Fecha: 22 de Noviembre de 2018

Tribunal: AP - Madrid

Ponente: ABAD CRESPO, JULIAN

Nº de sentencia: 856/2018

Núm. Cendoj: 28079370062018100674

Núm. Ecli: ES:APM:2018:15673

Núm. Roj: SAP M 15673/2018


Encabezamiento


Sección nº 06 de la Audiencia Provincial de Madrid
C/ de Santiago de Compostela, 96 , Planta 6 - 28035
Teléfono: 914936868,914934576
Fax: 914934575
37051540
N.I.G.: 28.079.51.1-2015/7012322
Apelación Sentencias Procedimiento Abreviado 1537/2018
Origen:Juzgado de lo Penal nº 10 de Madrid
Procedimiento Abreviado 118/2015
SENTENCIA Nº 856/2018
AUDIENCIA PROVINCIAL DE MADRID
SECCIÓN SEXTA
Ilmos. Sres.
Presidente
D. PEDRO JAVIER RODRIGUEZ GONZÁLEZ PALACIOS
Magistrados
D. JULIÁN ABAD CRESPO (Ponente)
Dª. MARÍA DE LA ALMUDENA ÁLVAREZ TEJERO
En nombre del Rey
En Madrid, a 22 de noviembre de 2018.
Vistas las presentes actuaciones en segunda instancia ante la Sección Sexta de esta Audiencia
Provincial de Madrid, constituida por los Ilustrísimos Señores Magistrados consignados al margen, seguidas
en dicho Tribunal como Rollo de Apelación nº 1537/2018 por el trámite del Procedimiento Abreviado, en virtud
del recurso de apelación interpuesto por DON Raimundo contra la sentencia de fecha 20 de junio de 2018,
dictada por el Juzgado de lo Penal nº 10 de Madrid en el Procedimiento Abreviado nº 118/2015, siendo Ponente
el Magistrado de la Sección, Ilmo. Sr. D. JULIÁN ABAD CRESPO, quien expresa el parecer de la Sala.

Antecedentes


PRIMERO.- Por el Juzgado de lo Penal antes citado se dictó sentencia en los autos de Procedimiento Abreviado antes expresados, en la que se declararon como probados los siguientes hechos: 'El acusado por estos hechos es Raimundo , mayor de edad y sin antecedentes penales. S Sobre las 6 horas del día 17 de junio de 2013, el acusado, junto con otros sujetos no identificados, se acercaron a un grupo de personas que caminaban, en busca de un taxi, en las inmediaciones del establecimiento Explorer, sito en la Carretera de Moralzarzal, en el municipio de Villalba.
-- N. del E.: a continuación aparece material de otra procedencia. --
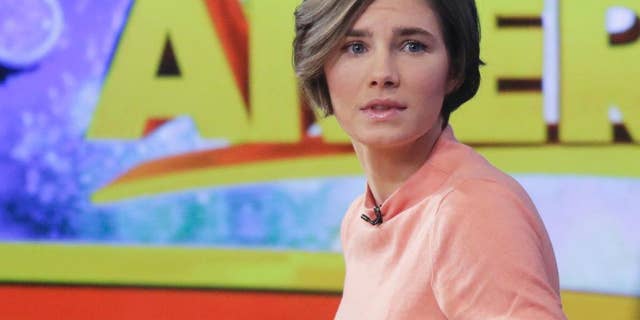 FILE - In this Jan. 31, 2014, file photo, Amanda Knox prepares to leave the set following a television interview in New York. Knox is engaged to Colin Sutherland, a musician who recently moved to Seattle from New York, a person close to the Knox family confirmed for The Associated Press. Knox’s murder conviction in the 2007 stabbing of her roommate has been reinstated by an Italian court, but the former college exchange student maintains her innocence and vows she won’t willingly go back to Italy. Both Knox and Sutherland are 27. No wedding date had been set. (AP Photo/Mark Lennihan, File)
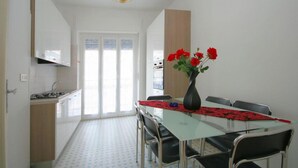 Un coin repas avec une table en verre, des chaises noires et un vase rempli de fleurs rouges.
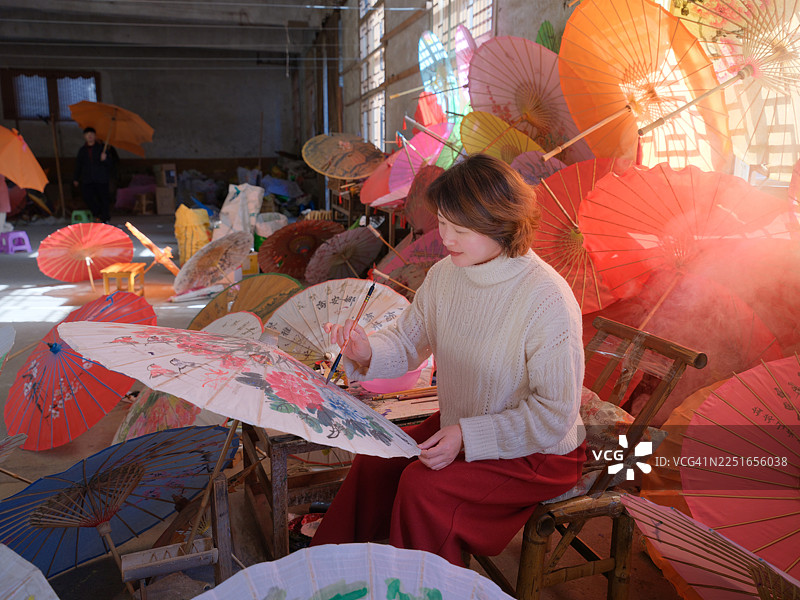 一位亚洲女性正在制作油纸伞图片素材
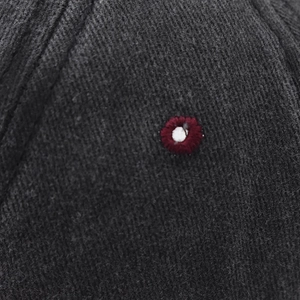 Macro detail of high-quality washed charcoal cotton twill fabric with round embroidery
Una de las personas que iban con el acusado pidió una copa a Santiago , y al negarse éste, le dio un puñetazo en la cara.

Segundo trató de proteger a Santiago , siendo empujado por el acusado, y tras tirarle al suelo le dio una patada en la cabeza.

También acudió en auxilio de sus amigos Vicente , al que también agredió el acusado, que le dio un golpe en la cara y otros en el cuerpo.

Santiago sufrió lesiones consistentes en fractura seno maxilar derecha, fractura pared externa órbita derecha, fractura parcial incisivos centrales inferiores, hematoma periorbital derecho e hiposfagma ojo derecha, que precisaron para su curación de tratamiento quirúrgico, y tardaron en curar 28 días impeditivos, dos de ellos de hospitalización, y como secuela le ha quedado material de osteosíntesis.

Segundo sufrió lesiones consistentes en excoriación y edema en región fronto-temporal derecha, que precisaron para su curación de una primera asistencia médica y tardaron en curar 15 días no impeditivos.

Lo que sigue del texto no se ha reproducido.